I am a little ashamed to admit that three weeks into June I am still trying to get our May travels documented. However, in my defense, we have been very busy and have had very little time to do much of anything with computers except the occasional catching up on e-mail and paying bills. Of course I have been adding photographs to the computer as they are made. Finding time to write has been a real challenge. I may have to give up on sleep in order to catch up.
That said, let’s get with it. More from Utah is the theme for this post. As mentioned in my last post we spent several days in Utah staying in different locations while visiting many attractions, most of which were National or State Parks. During the second touring day from our Panguitch base camp we went to Zion National Park.
For anyone who has visited Zion, you are likely familiar with the South Entrance outside of Rockville, Utah. This is the sort of normal entrance that most people access the park.
You can drive as far as the visitor center where you have to board a bus to travel further into the interior of the park. We had done that tour several years ago while stationed in San Diego, California. We therefore decided we would see other areas of the park that can be accessed via private vehicle. That said, we headed to the East Entrance. Our route from Panguitch took us south on US 89 to Mt. Carmel Junction where we then went west on Utah 9. Along the way there were several overlooks that provided a preview of sorts as to what was ahead. These first few photographs came from outside the park looking towards and into it.
As we approached the entrance station we knew we were in for some exquisite views. The first 3 or 4 miles of the drive from the East Entrance into the park (before the tunnel) provided some of the most unique formations I have ever seen.
Zion’s natural history is as complicated as any of the other geological wonders in this part of Utah. The area was once the floor of a shallow sea, a broad tidal flat, the delta of a great river and network of streams lakes. Distant volcanoes erupted leaving ash to form bright layers. More than 180 million years ago, a great desert of windblown sand covered a huge area of what is now the western United States, including Zion. The sand provided the raw material for the Navajo Sandstone, which composes cliffs some 2,000 feet high in Zion Canyon. The next stage in the creation of Zion was the long, slow uplift of the Colorado Plateau, which raised the entire region many thousands of feet. Streams running off the plateau, such as the rapidly flowing and occasionally flooding Virgin River with its load of sand, pebbles and sometimes boulders carved the canyon over the last several million years. The river’s job of sculpting the canyon is made easier by the nature of sandstone, which consists of grains of quartz sand that are held together with weak “cement.” Also contributing to the erosion process are numerous cracks in the sandstone, called joints. These joints form channels through which water can run.
The East Entrance Road eventually turns south at Canyon Junction. Just south of the junction is the visitor center and the bus stop where visitors can jump on the shuttle to go north into the park. Since the weather was not looking so great, we decided to eat our lunch in the car then exit the park to the south and continue to the west and take the Kolob Terrace Road back to the northeast reentering the park along the southwest border. While there were some pretty neat things to look at, there were no real photo opportunities due to bad skies and light. The road was closed a few miles from where you re-enter the park, so we had to turn around a little sooner than we had hoped.

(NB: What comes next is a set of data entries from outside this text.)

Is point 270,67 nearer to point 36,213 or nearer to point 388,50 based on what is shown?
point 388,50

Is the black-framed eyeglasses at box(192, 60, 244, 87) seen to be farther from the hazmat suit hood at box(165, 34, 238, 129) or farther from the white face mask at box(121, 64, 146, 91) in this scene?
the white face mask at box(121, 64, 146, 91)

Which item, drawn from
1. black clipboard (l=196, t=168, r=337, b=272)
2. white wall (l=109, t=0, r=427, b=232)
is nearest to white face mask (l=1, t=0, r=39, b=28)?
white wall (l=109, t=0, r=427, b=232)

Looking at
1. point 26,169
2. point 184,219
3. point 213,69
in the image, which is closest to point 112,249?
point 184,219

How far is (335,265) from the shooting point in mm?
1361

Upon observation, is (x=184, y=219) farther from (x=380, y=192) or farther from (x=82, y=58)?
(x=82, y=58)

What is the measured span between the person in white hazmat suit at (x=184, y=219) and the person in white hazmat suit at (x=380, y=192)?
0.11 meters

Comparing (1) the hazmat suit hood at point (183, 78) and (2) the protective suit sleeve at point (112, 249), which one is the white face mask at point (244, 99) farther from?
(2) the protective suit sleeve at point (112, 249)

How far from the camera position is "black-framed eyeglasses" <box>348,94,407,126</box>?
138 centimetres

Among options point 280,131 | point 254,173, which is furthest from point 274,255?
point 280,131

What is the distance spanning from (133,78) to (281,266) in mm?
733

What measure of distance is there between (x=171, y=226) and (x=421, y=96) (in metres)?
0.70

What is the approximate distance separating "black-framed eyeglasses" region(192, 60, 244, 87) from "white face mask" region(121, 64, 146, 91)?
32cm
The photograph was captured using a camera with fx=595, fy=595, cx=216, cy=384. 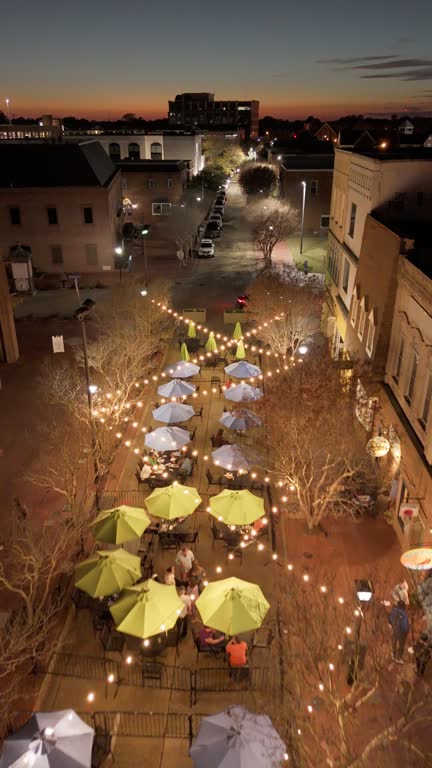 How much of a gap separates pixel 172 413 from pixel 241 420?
253 cm

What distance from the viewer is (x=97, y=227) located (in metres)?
45.4

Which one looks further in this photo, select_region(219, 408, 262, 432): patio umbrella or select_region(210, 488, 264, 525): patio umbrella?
select_region(219, 408, 262, 432): patio umbrella

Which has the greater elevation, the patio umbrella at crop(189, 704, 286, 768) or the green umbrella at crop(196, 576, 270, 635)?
the patio umbrella at crop(189, 704, 286, 768)

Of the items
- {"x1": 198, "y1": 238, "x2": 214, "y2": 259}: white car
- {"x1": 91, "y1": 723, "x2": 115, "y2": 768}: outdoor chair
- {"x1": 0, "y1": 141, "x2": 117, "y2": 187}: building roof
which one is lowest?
{"x1": 198, "y1": 238, "x2": 214, "y2": 259}: white car

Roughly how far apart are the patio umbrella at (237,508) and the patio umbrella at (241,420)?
4.86m

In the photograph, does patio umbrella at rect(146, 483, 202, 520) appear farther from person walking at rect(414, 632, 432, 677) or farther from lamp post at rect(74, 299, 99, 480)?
person walking at rect(414, 632, 432, 677)

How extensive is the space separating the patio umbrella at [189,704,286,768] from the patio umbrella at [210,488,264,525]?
6.11 metres

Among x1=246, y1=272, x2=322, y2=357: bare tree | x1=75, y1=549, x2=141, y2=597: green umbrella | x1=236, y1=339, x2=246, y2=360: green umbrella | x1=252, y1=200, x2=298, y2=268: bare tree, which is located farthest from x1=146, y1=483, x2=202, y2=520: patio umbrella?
x1=252, y1=200, x2=298, y2=268: bare tree

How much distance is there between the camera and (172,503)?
638 inches

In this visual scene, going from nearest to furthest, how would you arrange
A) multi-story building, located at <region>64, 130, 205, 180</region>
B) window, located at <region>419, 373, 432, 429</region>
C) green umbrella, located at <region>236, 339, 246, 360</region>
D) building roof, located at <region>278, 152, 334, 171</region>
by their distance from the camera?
A: window, located at <region>419, 373, 432, 429</region>, green umbrella, located at <region>236, 339, 246, 360</region>, building roof, located at <region>278, 152, 334, 171</region>, multi-story building, located at <region>64, 130, 205, 180</region>

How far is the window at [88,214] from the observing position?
44969 mm

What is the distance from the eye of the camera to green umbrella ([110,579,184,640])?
40.3 feet

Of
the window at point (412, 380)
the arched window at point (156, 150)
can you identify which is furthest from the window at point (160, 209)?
the window at point (412, 380)

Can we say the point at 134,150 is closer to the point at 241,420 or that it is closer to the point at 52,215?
the point at 52,215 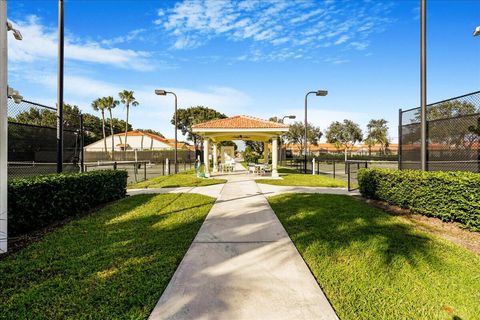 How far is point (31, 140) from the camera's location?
6.84 meters

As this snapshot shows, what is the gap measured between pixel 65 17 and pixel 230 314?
9.33 meters

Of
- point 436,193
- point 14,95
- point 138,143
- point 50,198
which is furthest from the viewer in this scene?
point 138,143

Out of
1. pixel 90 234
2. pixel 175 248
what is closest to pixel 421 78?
pixel 175 248

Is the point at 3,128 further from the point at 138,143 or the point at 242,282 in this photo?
the point at 138,143

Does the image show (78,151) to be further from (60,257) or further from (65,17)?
(60,257)

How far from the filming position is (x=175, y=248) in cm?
447

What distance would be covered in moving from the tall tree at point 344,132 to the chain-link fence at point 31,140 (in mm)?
72814

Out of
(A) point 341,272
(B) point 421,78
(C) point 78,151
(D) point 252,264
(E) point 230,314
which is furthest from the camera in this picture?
(C) point 78,151

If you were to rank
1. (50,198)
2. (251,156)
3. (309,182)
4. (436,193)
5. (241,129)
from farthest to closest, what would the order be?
(251,156) → (241,129) → (309,182) → (436,193) → (50,198)

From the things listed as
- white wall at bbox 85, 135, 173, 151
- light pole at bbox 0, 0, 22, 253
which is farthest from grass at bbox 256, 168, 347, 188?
white wall at bbox 85, 135, 173, 151

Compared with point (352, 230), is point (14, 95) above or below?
above

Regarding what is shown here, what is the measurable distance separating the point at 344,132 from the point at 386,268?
7476 cm

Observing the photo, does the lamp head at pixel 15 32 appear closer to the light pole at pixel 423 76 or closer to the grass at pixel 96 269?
the grass at pixel 96 269

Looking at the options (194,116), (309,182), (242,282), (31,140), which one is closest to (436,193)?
(242,282) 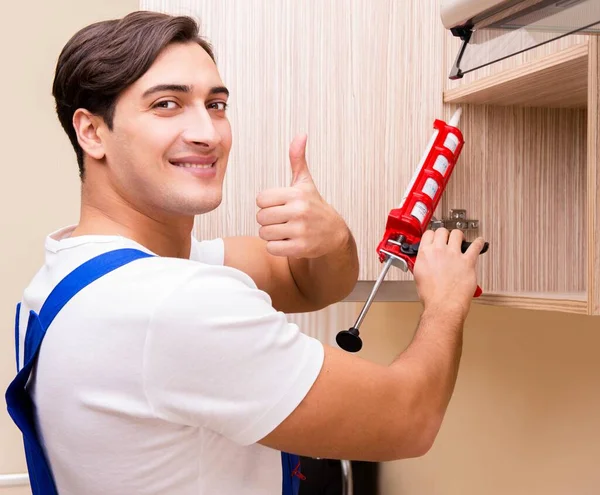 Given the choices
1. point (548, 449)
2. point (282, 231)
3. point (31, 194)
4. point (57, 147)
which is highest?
point (57, 147)

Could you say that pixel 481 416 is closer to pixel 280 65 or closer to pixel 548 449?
pixel 548 449

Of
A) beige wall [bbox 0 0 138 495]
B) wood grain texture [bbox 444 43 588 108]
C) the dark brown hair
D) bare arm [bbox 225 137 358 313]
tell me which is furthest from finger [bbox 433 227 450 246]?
beige wall [bbox 0 0 138 495]

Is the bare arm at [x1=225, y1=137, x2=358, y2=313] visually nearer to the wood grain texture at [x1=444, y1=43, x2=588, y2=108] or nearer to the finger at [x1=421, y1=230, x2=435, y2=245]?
the finger at [x1=421, y1=230, x2=435, y2=245]

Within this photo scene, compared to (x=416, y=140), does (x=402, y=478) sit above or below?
below

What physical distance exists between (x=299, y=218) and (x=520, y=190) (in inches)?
16.6

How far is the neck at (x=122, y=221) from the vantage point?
1001 millimetres

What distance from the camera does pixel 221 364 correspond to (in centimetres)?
79

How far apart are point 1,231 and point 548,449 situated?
142cm

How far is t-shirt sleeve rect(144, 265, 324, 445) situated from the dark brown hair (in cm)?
31

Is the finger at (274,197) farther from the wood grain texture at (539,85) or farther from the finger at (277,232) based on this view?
the wood grain texture at (539,85)

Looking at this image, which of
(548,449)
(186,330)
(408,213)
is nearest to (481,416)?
(548,449)

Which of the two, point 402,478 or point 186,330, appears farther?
point 402,478

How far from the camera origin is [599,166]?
923 millimetres

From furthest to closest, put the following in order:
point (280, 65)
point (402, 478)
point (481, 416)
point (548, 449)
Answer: point (402, 478)
point (481, 416)
point (548, 449)
point (280, 65) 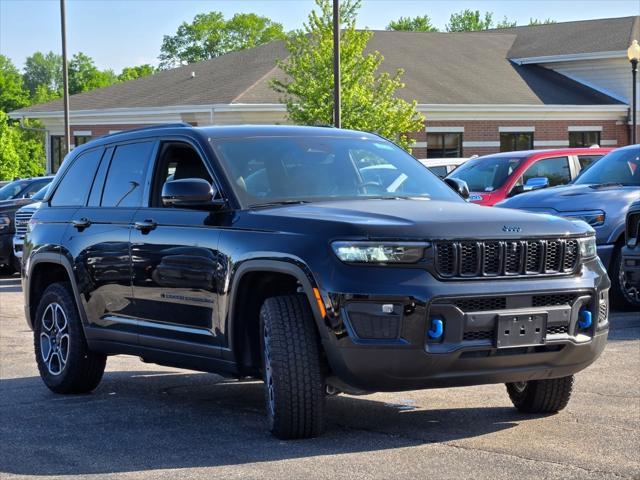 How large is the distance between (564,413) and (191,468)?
256 cm

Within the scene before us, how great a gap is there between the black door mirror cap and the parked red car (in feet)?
32.6

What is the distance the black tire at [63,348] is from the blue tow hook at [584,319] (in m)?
3.58

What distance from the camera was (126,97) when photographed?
140 ft

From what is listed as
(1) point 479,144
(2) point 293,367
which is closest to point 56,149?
(1) point 479,144

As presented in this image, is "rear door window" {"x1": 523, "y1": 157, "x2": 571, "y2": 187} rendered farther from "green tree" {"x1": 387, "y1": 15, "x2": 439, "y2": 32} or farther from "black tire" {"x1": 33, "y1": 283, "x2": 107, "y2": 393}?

We backtracked down Kolob Terrace Road then continued west on Utah 9 La Verkin where we turned north and continued to Kolob Canyons Road where we once again re-entered the park. Kolob Canyons Road took us to the east and then to the south. We got a little break in the weather and were able to make some pretty neat photographs.
The earliest evidence of human occupation in and around Zion comes from a time known as the Archaic Period, whose scarce remnants have been dated to about 7000 B. C. Over the years, farming began in the region and the people began to live in larger groups. These people are called the Ancestral Puebloans. They grew corn and squash and stored their surplus crops in granaries. They lived in and around Zion along with their neighbors to the north, the Fremonts, until about A.D. 1300.
Named by early Mormon settlers for the sanctuary and refuge it provided, Zion features massive stone formations and red cliff faces that have elicited feelings of reverence for many. The names given by settlers and visitors to prominent such as Angels Landing, the Great White Throne, Altar of Sacrifice, the West Temple and the Three Patriarchs: Abraham, Isaac and Jacob reflect the reverence these early Americans must have felt.
Author’s note. Most of the historical information above came from the American Park Network publication Oh, Ranger. Additional and more detailed information about Zion National Park and its history can be found at: http://www.nps.gov/zion/learn/index.htm
Once out of the park for the final time we headed north on I – 15 to Cedar City, Utah where we had dinner at Don Miguel Mexican Restaurant. Connie had researched the restaurants in the area via Trip Advisor and had learned that Don Miguel had a really good reputation with many five star reviews. We were not disappointed with our decision to eat at this wonderful little restaurant. I highly recommend Don Miguel’s to anyone traveling through the area.
Our drive back to Panguitch was through a driving rain and not a whole lot of fun. As we approached Panguitch the rain subsided some and we were able to stay dry while moving from the car to the motorhome.